January 13th, 2018| Topic: RaMbLeS | 0

Steal!

If you had been detained in the Cameron County (TX) Juvenile Justice Department between 2008 and this year, you might have wondered why you weren’t served fajitas. Well, the answer is simple: the facility’s cafeteria doesn’t serve that delectable item.

But guess what? Since 2008, aforementioned Juvenile Justice Department has been paying for fajita deliveries.

It was only in August 2017 that the matter was cleared up. Apparently, the Labatt Food Service tried to deliver 800 lbs of fajitas (!) to the facility’s kitchen, when a staffer there told that driver that, no, they didn’t serve fajitas in the cafeteria. The driver responded by saying that he had been delivering fajita meat to the same place for the past nine years! To a certain Gilberto Escaramilla.

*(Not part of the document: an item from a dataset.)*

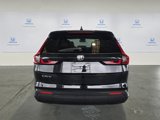 New 2025 Honda CR-V EX-L image 5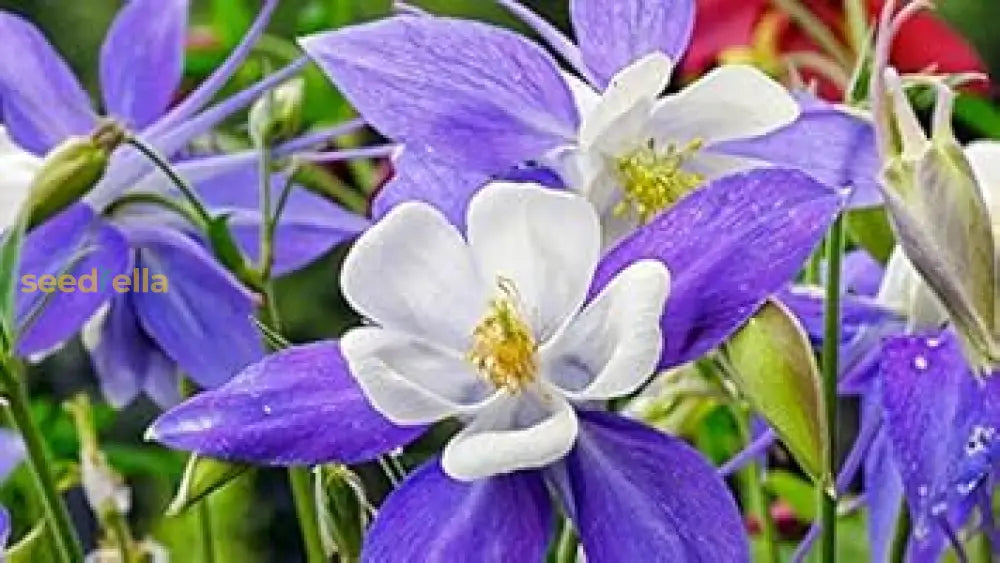 Aquilegia Flower Seeds: Purple White Variety For Planting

Gilbert, our man, wasn’t filching a skirt or two now and then to feed himself and his family. He’d purloined $1,251,578 worth of meat! And over the nine years had become a reputed black-market dealer of rogue beef fajitas all over the Rio Grande Valley.

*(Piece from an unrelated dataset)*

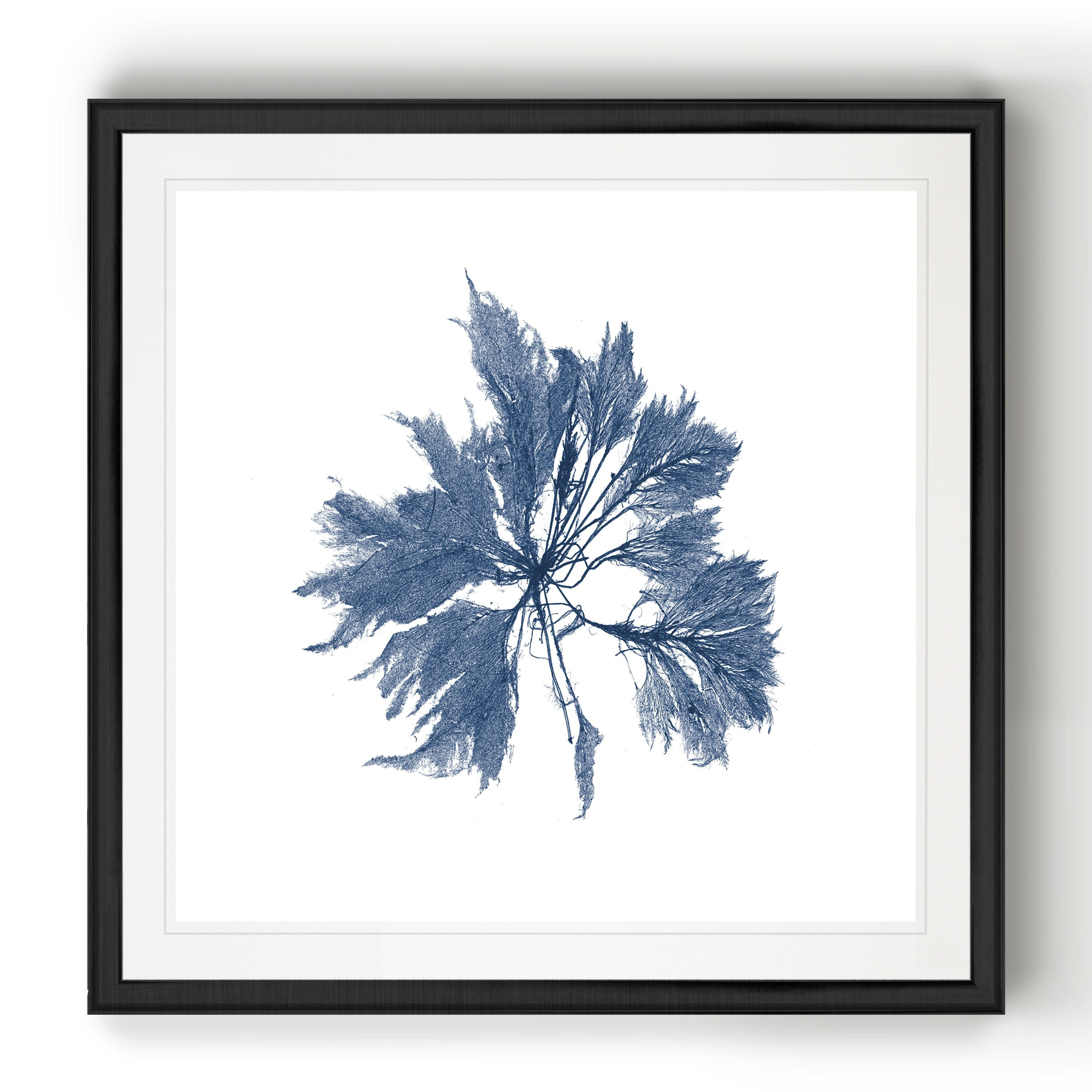 Navy Seaweed I Black Framed Print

$1.2 million. Needless to say, Escaramilla was fired.

Said Cameron County DA Luis V. Saenz:

Escaramilla would literally, on the day he ordered them, deliver them to customers he had already lined up. We’ve been able to uncover two of his purchasers, and they are cooperating with the investigation.”

First-degree felony charges are pending against Mr. Escaramilla.

But this bloke is not the first (and likely not the last) to steal beef in Texas, though this nine-year enterprise was the one that netted the most meat. (One wonders which was his side business, his work in the Juvenile Justice Department, or his beef embezzling operation.)

Here’s The Texas Monthly on the beef-burglarizing instincts of us Texans:

What does that say about us? We’ll leave that debate to the vegetarians and cultural anthropologists. But in Texas, a Google search of basically any cut of meat with the word ‘bandit’ after it is fairly certain to turn up results. ‘Brisket bandit’? Check. In 2015, a San Antonio man was arrested after loading up trash cans full of brisket (and beer, naturally) from multiple local smokehouses. A suspect was captured after a high-speed chase, leading to felony charges. ‘Steak bandit’? Yep. Last year, a Longview man led East Texas police in a high-speed chase after being suspected of stealing steaks from a local Walmart. (During his attempted getaway, he’s alleged to have thrown the meat at the police cars in pursuit.) Indeed, Escaramilla isn’t even the first suspected ‘fajita bandit’ to pop up in headlines in the Rio Grande Valley in recent years. In 2012, a pair in Weslaco made news after security cameras captured footage of them shoplifting fajitas from a local meat market over several nights.”

You might also be interested to know that the Austin (TX) Police Department also launched a sting operation a few years ago to trap meat embezzlers. The program was called, quite appropriately, “Operation Meat Locker.”

Hopefully, none of us is engaged in such nefarious transactions. But stealing is a problem. Especially by employees. One study estimated that that $50 billion (B.I.L.L.I.O.N) is annually stolen from U.S. businesses by employees! And 75% of employees have stolen at least once! Of course, no one counts the stealing of time and not working one’s fullest for the time for which we are paid.

He who steals must steal no longer; but rather he must labor,
performing with his own hands what is good,
so that he will have something to share with one who has need.
Ephesians 4:28

Nice motto for the year: “Share, not steal,” as the Bible exhorts.